Ante tal personaje, Dimitri Medvedev quedó opacado incluso siendo presidente durante cuatro años, todo el mundo sabe que Putin decidió su hegemonía al límite de dos mandatos consecutivos que establecía la Constitución. Hoy puede ser eterno, la consecuencia del fracaso de Rusia en la transición a la democracia en los años 90, y de su legado histórico imperial, hace del putinismo un sistema orientado a la política exterior, apegado al sentimiento antioccidental de la población rusa como su principal motor parece olvidar la necesidad de una visión al interior del país, una crítica a lo realmente conseguido durante tanto tiempo de doctrina.
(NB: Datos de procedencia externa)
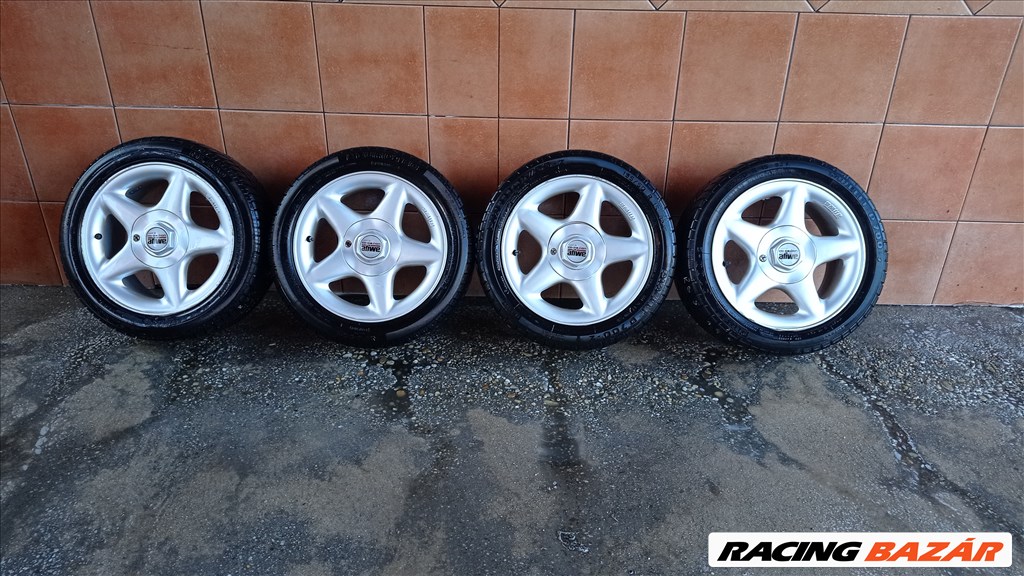 PEUGEOT 206 16" ALUFELNI 5X108 NYÁRI 195/50R15 GUMIVAL OLCSÒN!!! 1. kép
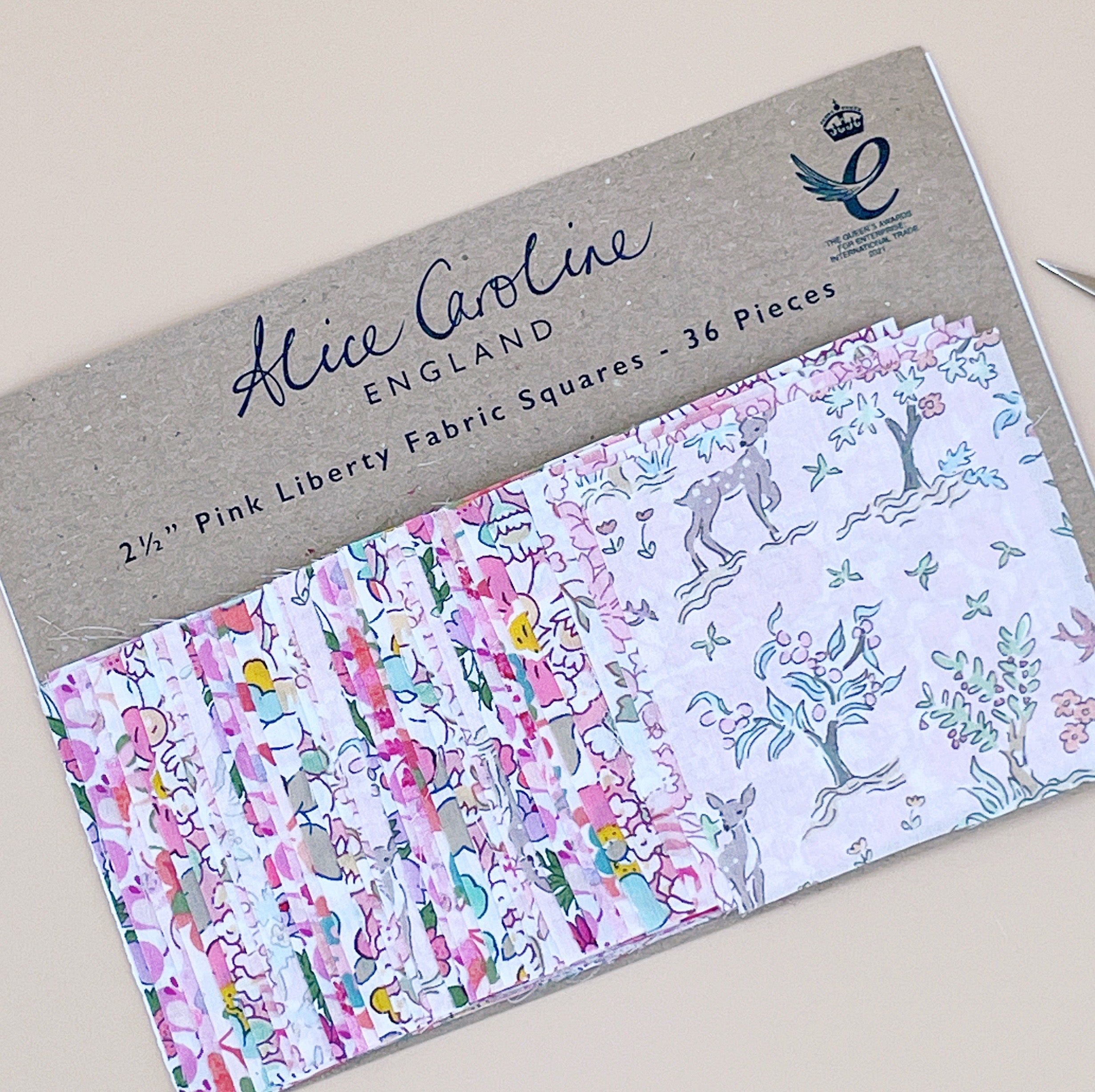 Liberty Tana Lawn® 2.5 Charm Pack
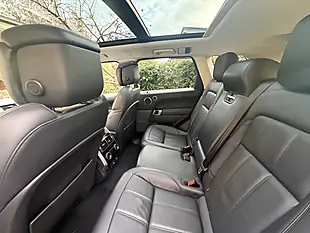 Used 2018 Land Rover Range Rover Sport Autobiography Dynamic Black - Interior and Exterior details 12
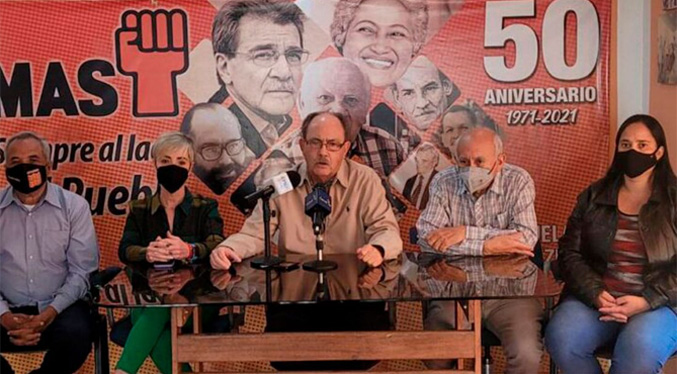 El MAS arribó a su 52 aniversario bajo la consigna “La Venezuela que viene”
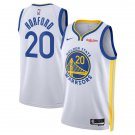 Golden State Warriors #20 Al Horford White Association Edition Swingman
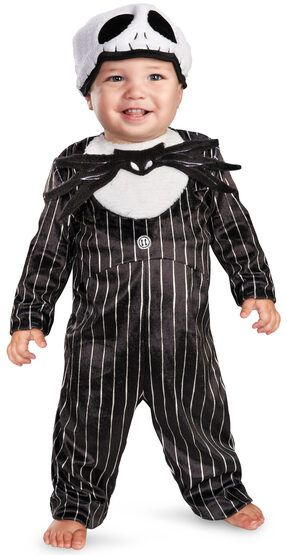 Jack Skellington Baby Costume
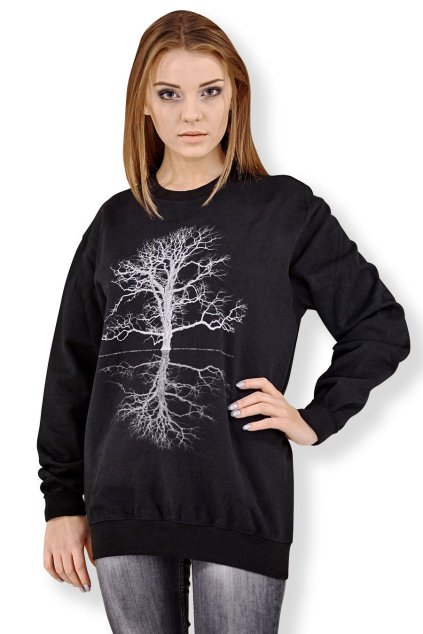 UNDERWORLD Tree unisex pulóver (Méret S, Termékkód U4518A2)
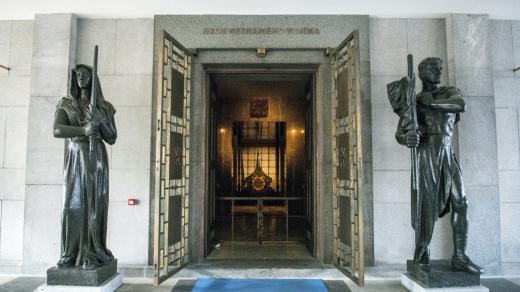 Památník Vítkov, hrob neznámého vojína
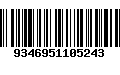 Código de Barras 9346951105243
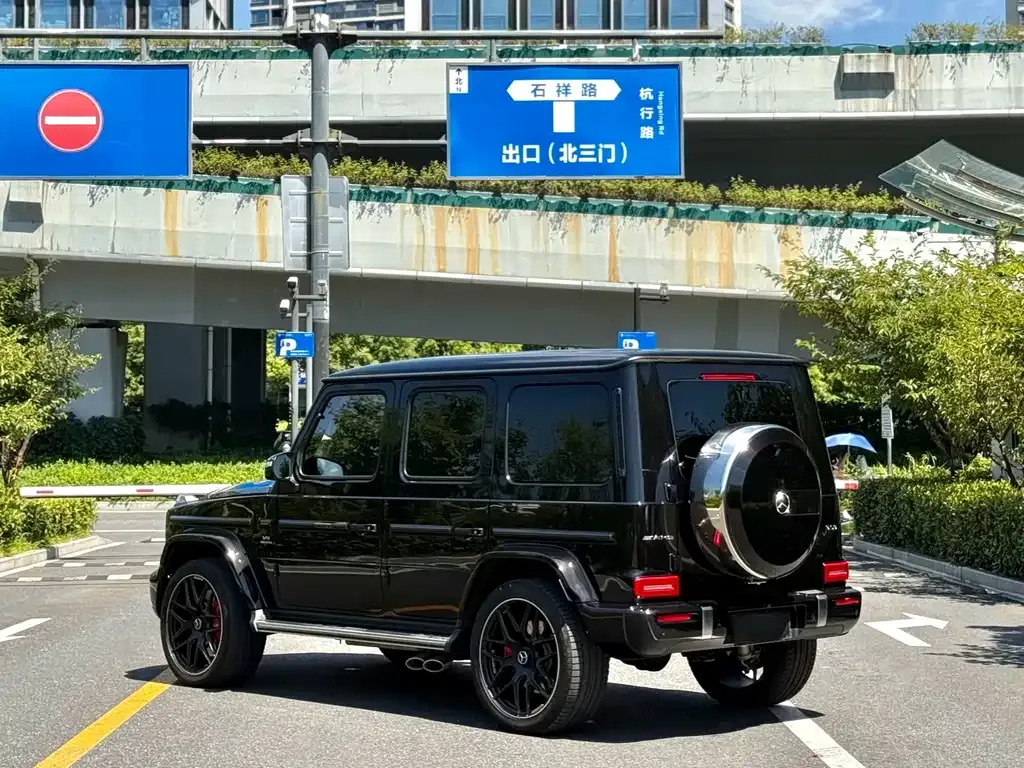 Mercedes-Benz G-Class AMG — фото 7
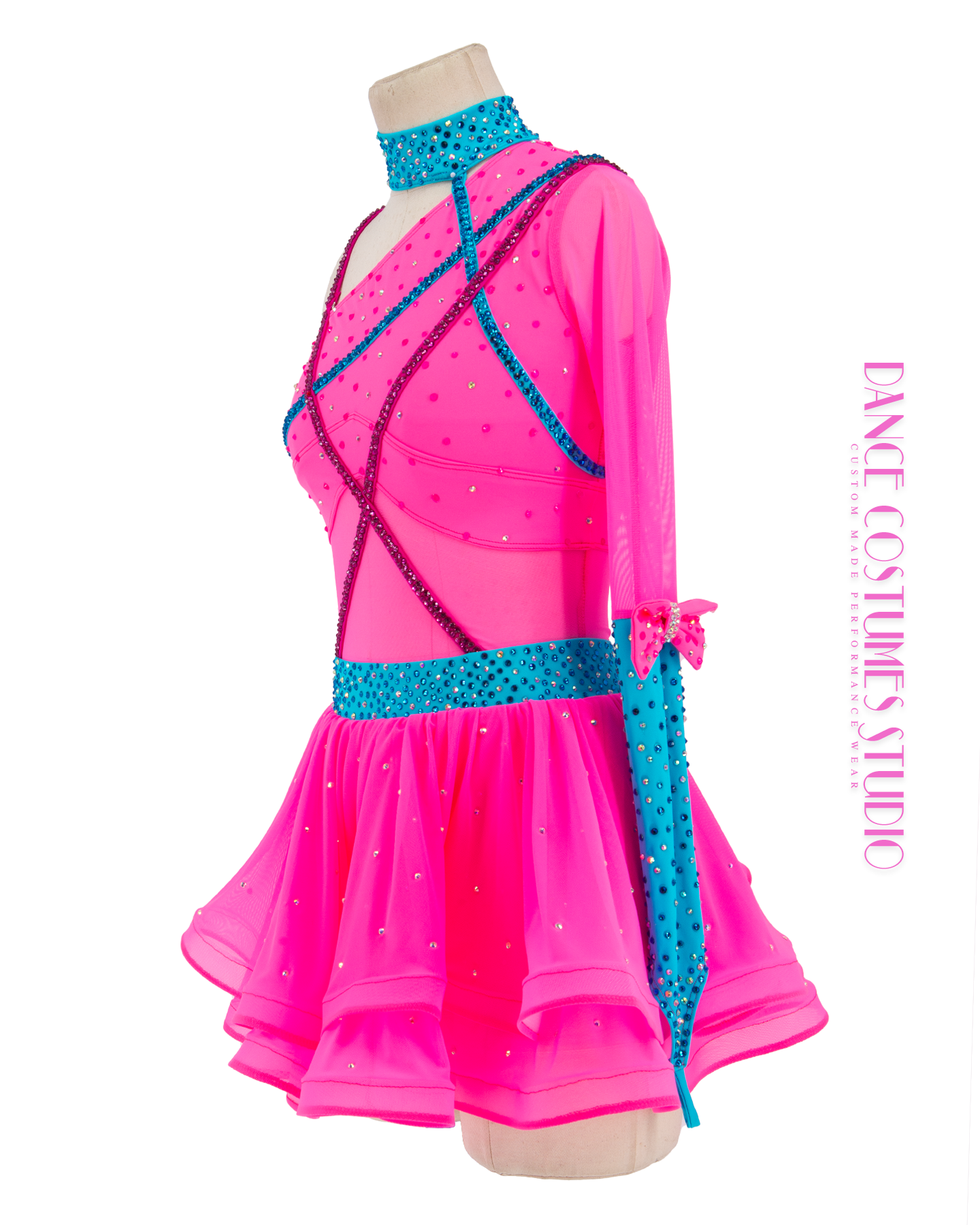 Alicia Jazz Tap Musical theater Dance Costume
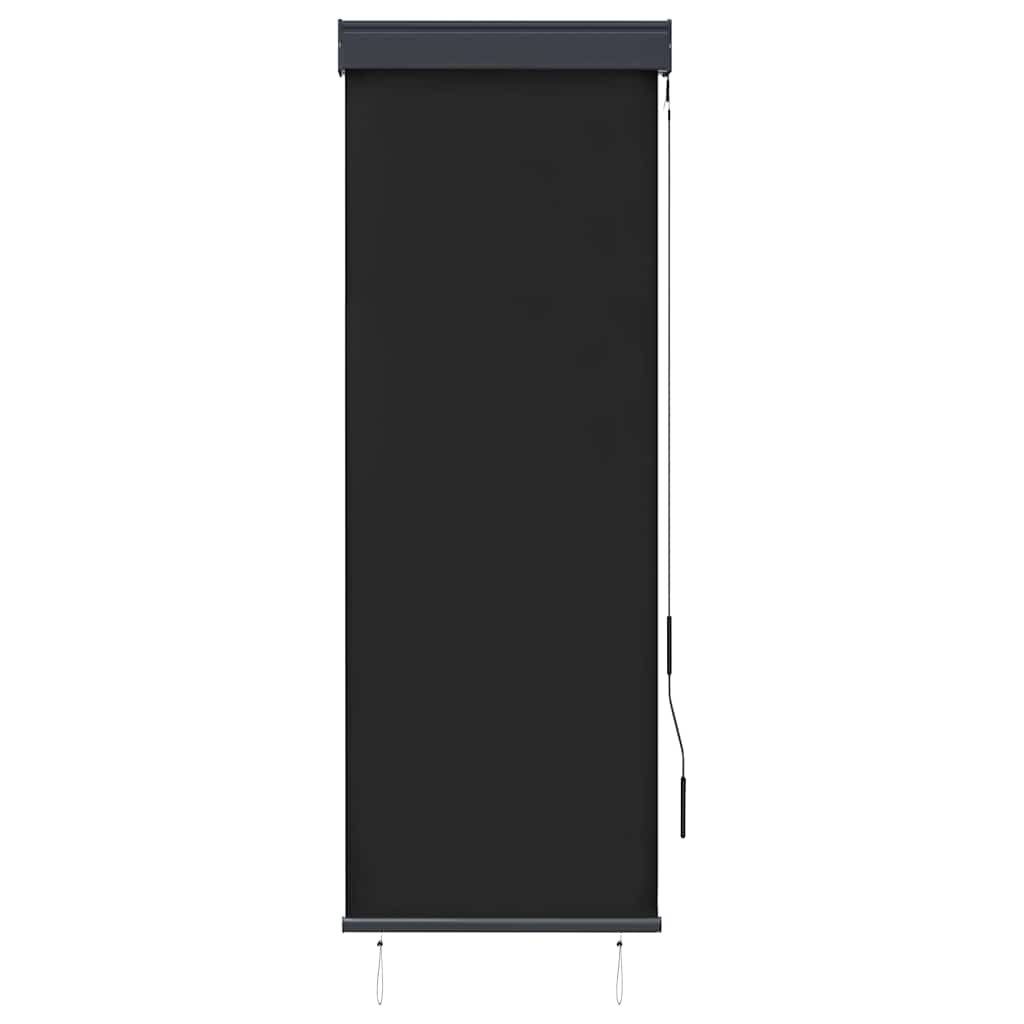Rollo Außenrollo Senkrechtmarkise 60x250 cm Anthrazit, furnicato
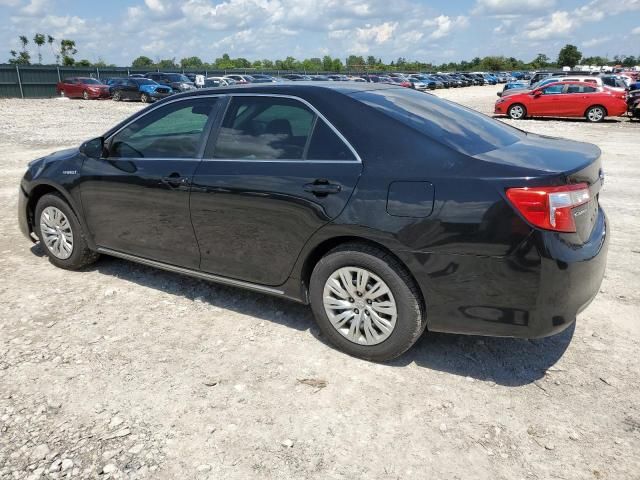 2012 Toyota Camry Hybrid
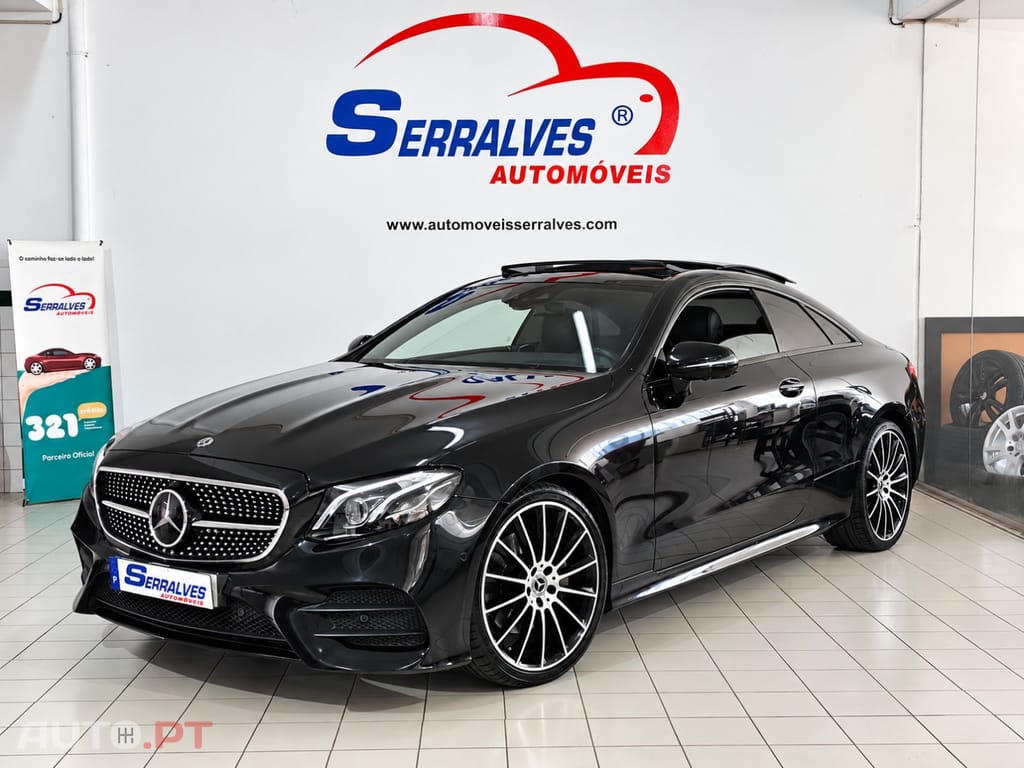 Mercedes-Benz E 220 d AMG Line Aut.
Rusia evoca un espíritu revolucionario, es la esencia de un país en el que Putin parece omnipresente, un pasado en el que los levantamientos de campesinos, los atentados anarquistas y la dureza de Stalin contrasta con una modernidad y un diálogo social envejecido, la línea demográfica rusa tiene recuerdos como para saber que más vale malo conocido que bueno por conocer. Presume su estructura piramidal colocando a Vladimir como un faraón moderno que acostumbra el culto por su imagen, con personalidad de superhéroe capaz de jugar hockey, cazar elefantes y practicar artes marciales que recuerden su pasado en la KGB, una imagen política llena de fuerza para intentar prolongar su legado por dos mandatos más, un anhelo por pasar a la historia superando al dictador Stalin y quedándose a poco tiempo de Catalina la Grande.

Mamushka, vodka, ensaladilla, ballet y… ¡Putin! Parece imposible pensar en Rusia sin hacer un guiño al dirigente, parte de una historia en la que su forma de ver el mundo pasará factura en un futuro aún por decidir, quizá sea juzgado con la misma dureza.